Yeah, exactly. Do you really want to put that much effort because “redesign boo”? Makes no sense. Put the effort learning the new UI and move on.
Every single “bring the old X back” project ends badly, you’re just extending your own pain by using those projects because they’ll slowly fall out of date.
The only way to successfully “bring the old X back” is to convince the original vendor, like it happened for the Metro UI in Windows 8.
If it were just a matter of a new admin UI, that would be one thing. A quick peek under the covers reveals how howling-at-the-moon-insane the Gutenberg block format is, how brittle it is when working with filters and other low-level things, and that's been the real source of pushback from developers.
TBH I kind of liked Metro back when it was used for XP Media Center. Win8 just did a crap job at integrating it with the rest of the system (and arguably repeating the same crap job with win10/11)
You've changed my mind on this a bit! I was generally more in the mindset of: "sure, maintain the old copy". Granted, Wordpress isn't the best choice for this. Vulnerabilities abound.
It's funny we still agree, coming from different approaches :) To your point, it doesn't make much sense to fork and actually maintain the code. I more meant the installation/deployment. I'm not that afraid with things like SELinux policies and network boundaries in place.
One could learn the new thing, find something more suitable, or run the old thing until the wheels fall off. We're spoiled for choice!

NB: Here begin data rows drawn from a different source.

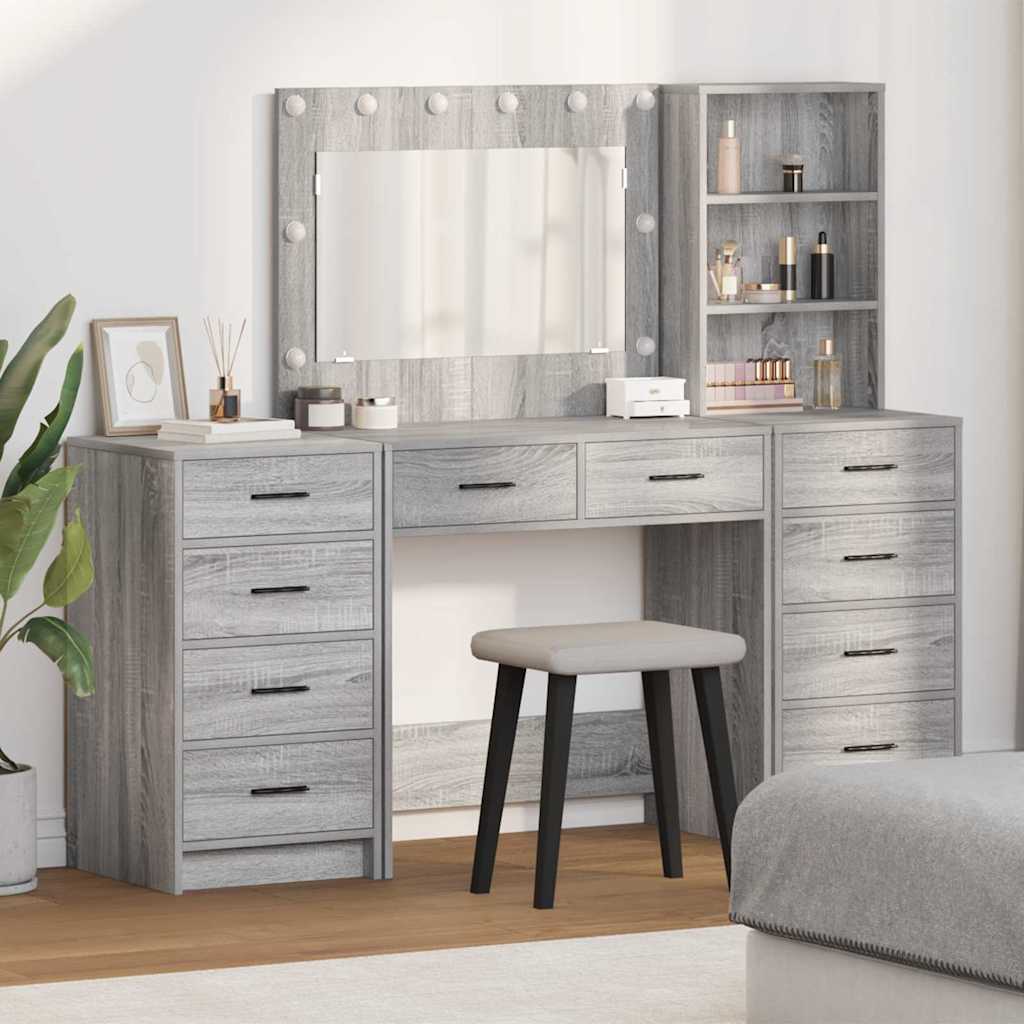 vidaXL Toaletka z szufladą 3 pcs Szary Sonoma Materiał drewnopochodny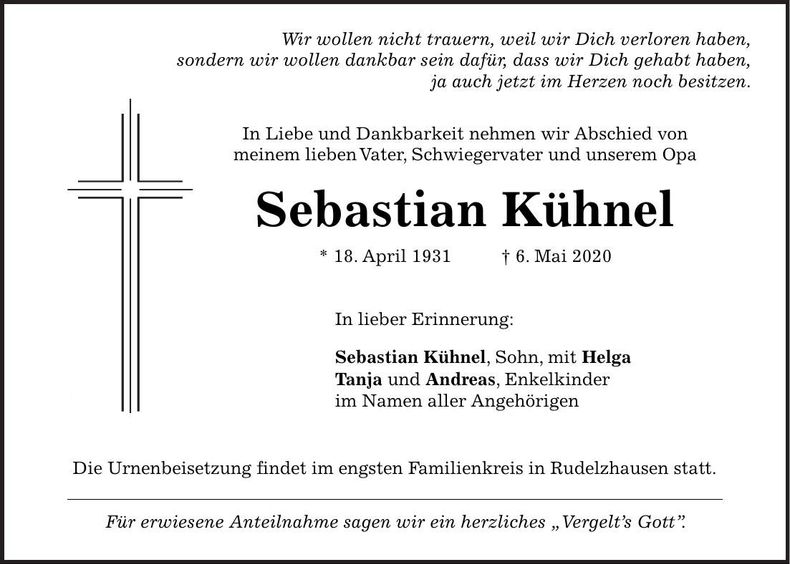 Traueranzeige Sebastian Kühnel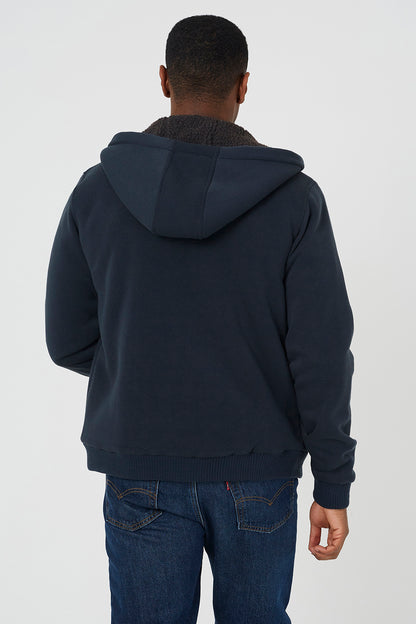 Brave Soul Dark Navy Zip Through Sherpa Lined Hoodie - Dark Navy Image 2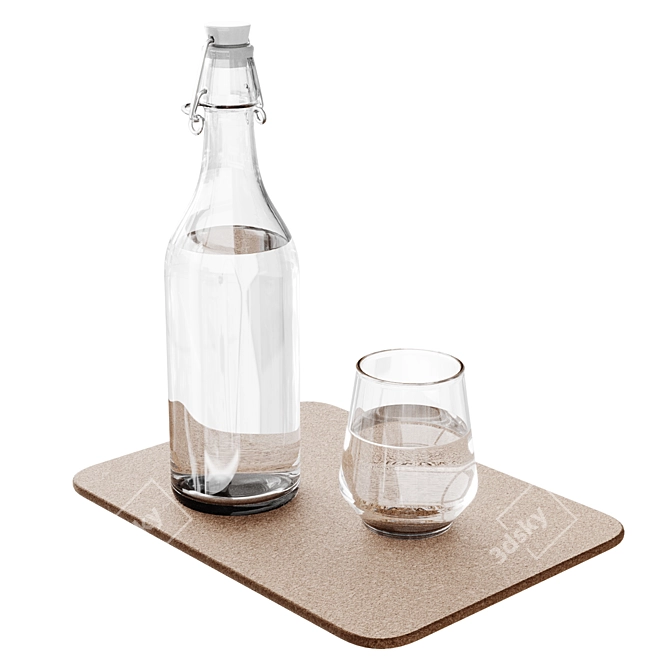 Water Bottle and Glass Set 3D model image 4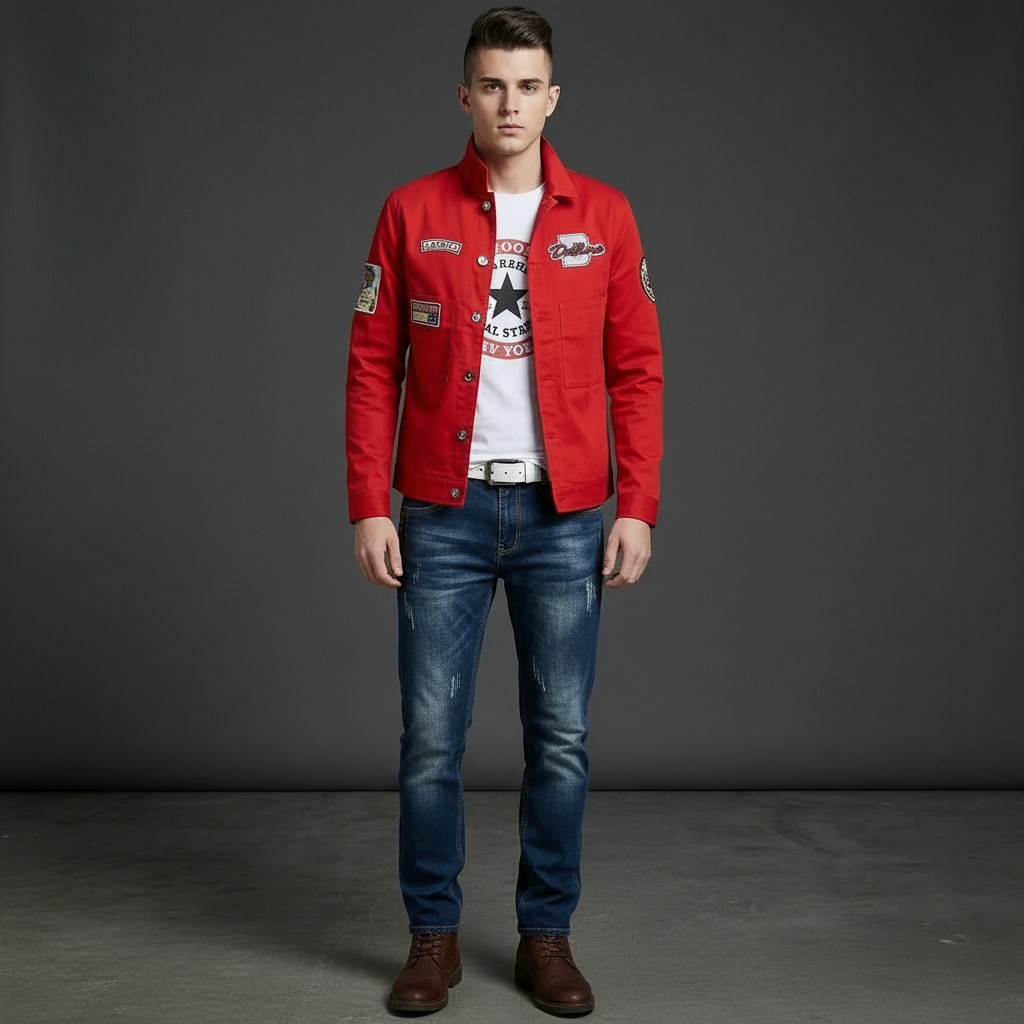 Men's Red Denim Jacket and Blue Jeans Set, Slim Fit Casual Streetwear Outfit with Patch Detail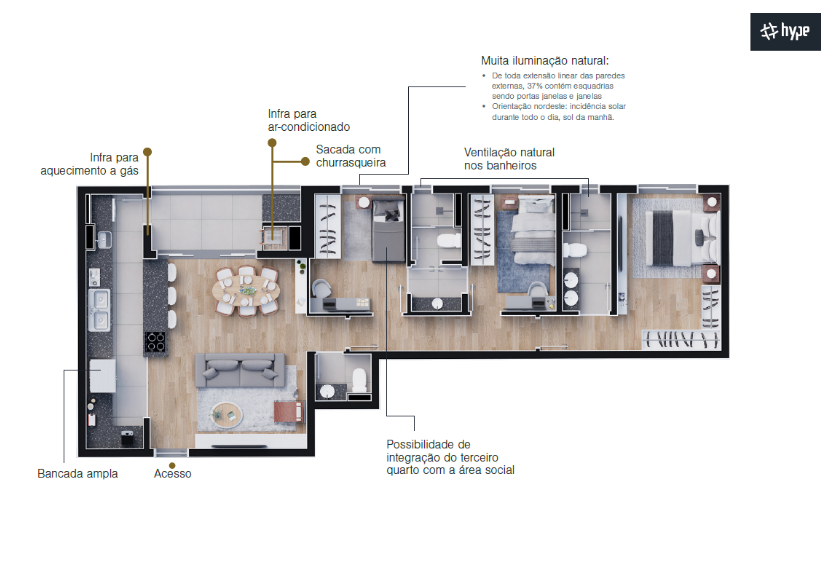 Planta 04 - 3 dorm 93,45m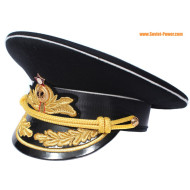 Buque soviético / ruso de la flota de la marina de guerra sombrero negro del visor de USSR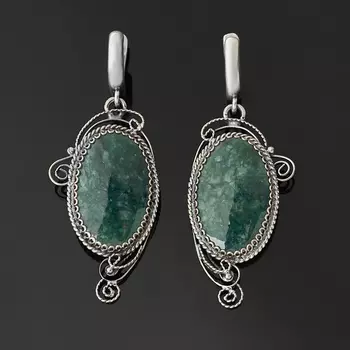 Серьги жадеит (биж. сплав, нейзильбер)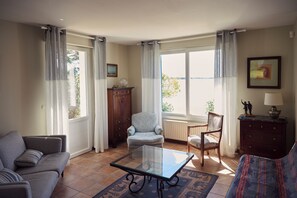 TV connectée, cheminée, lecteur de DVD, baby-foot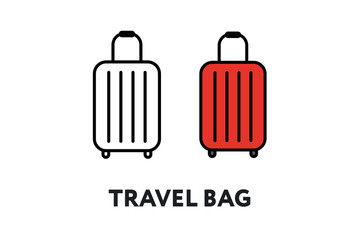 Travel Bag On Wheels Vector Flat Line Stroke Icon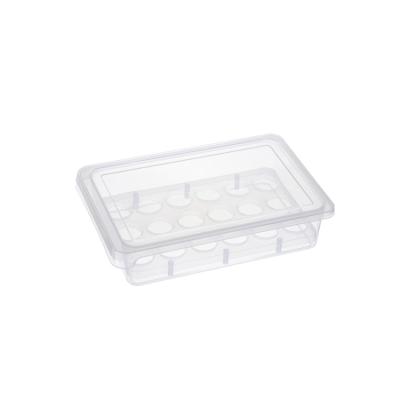 China Transparent 18 Grid Refrigerator Kitchen Egg Storage Box Viable Plastic Stackable Egg Storage Box With Lid for sale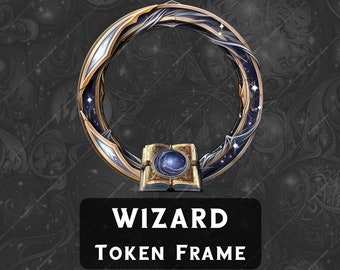 Wizard Token Frame DnD for VTT Roll20 token border DnD tabletop Pathfinder Foundry digital token Fantasy Grounds dnd player accessories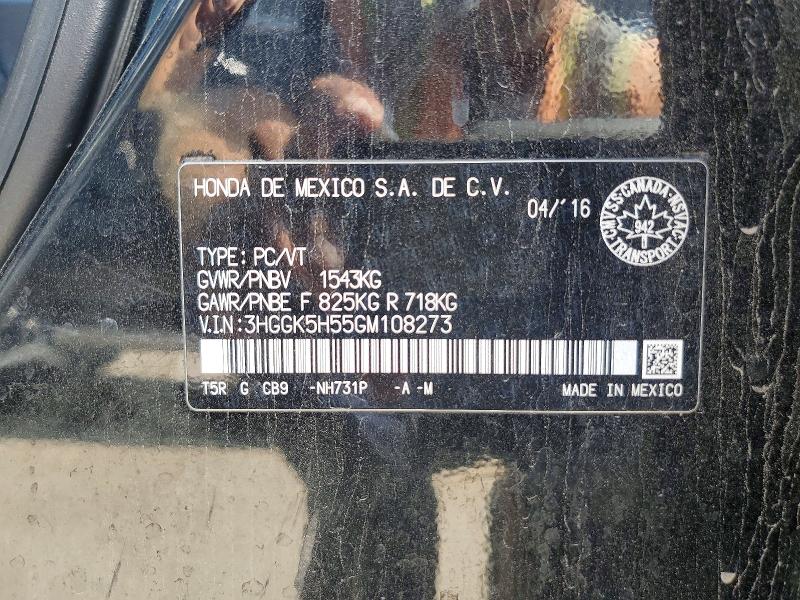2016 Honda Fit მანქანა იყიდება აუქციონზე, vin: 3HGGK5H55GM108273, აუქციონის ნომერი: 62602166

Creating more fragmentation/choice extends the challenge. We see this with Linux distributions. Outside of like four root distributions, we have N derivatives re-packaging for slightly different themes and configs.
Given enough time and caffeine I could replace the entire ISO ecosystem with YML and Linux from Scratch... but I use something more traditional because I value my time/effort.
Security updates, features? Perhaps yay. Redesign, boo. I already use the thing.